Should you use wrist straps when lifting weights?

Wrist straps are thick pieces of material that wrap around a lifters wrist and strap a tail section to the bar of the weight being lifting. This done right snugs the bar into the hand and greatly reduces the effort that the lifters grip plays in the lift.

The use of wrist straps has been a largely debated subject over the years. The argument for them is that they allow the lifter to push more reps and more weight to a muscle group then what the lifters grip would normally allow. The counter argument is that you should build your grip strength to a point that you do not need to use straps at all and using them only serves to limit ones grip strength potential.
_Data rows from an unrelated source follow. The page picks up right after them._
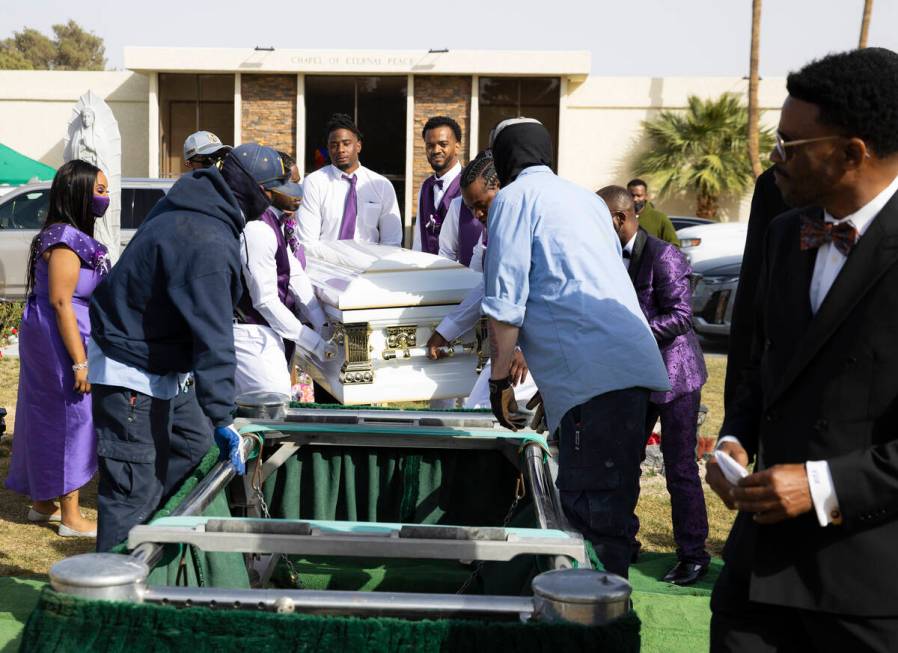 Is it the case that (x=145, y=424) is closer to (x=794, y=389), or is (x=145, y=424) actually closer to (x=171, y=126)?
(x=794, y=389)

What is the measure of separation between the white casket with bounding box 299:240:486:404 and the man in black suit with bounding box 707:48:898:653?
293 cm

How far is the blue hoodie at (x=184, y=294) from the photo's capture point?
339 centimetres

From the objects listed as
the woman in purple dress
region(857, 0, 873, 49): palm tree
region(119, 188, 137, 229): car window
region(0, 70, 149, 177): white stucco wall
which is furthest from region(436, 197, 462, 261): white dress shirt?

My personal experience with wrist straps has to do with my back. My back has always been my strongest muscle group and this has sometimes made training those muscles in the group difficult. At one time nothing short of 200lb dumbbells would suffice in doing heavy dumbbell rows. But nothing I could do would ever make my grip handle reps with 200lbs for that exercise. So I used wrist straps to compensate and get a proper back set done. However as time went on I found myself using straps more and more, including in lifts where they were not necessary, I started using them for comfort and here is where you should be cautious.
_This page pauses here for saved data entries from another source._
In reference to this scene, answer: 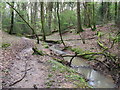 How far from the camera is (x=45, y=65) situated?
8258mm

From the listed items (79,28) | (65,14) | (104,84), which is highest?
(65,14)

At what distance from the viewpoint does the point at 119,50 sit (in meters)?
10.7

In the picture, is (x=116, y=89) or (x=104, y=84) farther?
(x=104, y=84)

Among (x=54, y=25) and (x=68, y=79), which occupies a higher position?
(x=54, y=25)

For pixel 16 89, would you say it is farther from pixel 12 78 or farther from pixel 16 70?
pixel 16 70

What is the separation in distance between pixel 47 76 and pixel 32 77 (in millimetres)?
765

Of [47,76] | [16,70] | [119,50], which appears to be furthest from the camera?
[119,50]

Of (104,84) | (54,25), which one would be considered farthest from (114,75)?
(54,25)

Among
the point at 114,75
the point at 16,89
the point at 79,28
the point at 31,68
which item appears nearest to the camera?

As I began to get into strongman and later powerlifting, I found my grip was lacking. I decided I needed to start focusing on developing my grip with strength exercises specific for gaining grip strength and I eventually became less reliant on straps as time went on. However in certain lifts, such as those 200lb dumbbell rows, I still needed them to fully push myself in that exercise and for certain strongman events such as the car deadlift. I am a believer in that if you want to develop a lift better, than do that lift. So in that regard if you are training to be able to lift a car with straps, train with straps, if you are training to deadlift in a powerlifting event that obviously does not allow them, then train without.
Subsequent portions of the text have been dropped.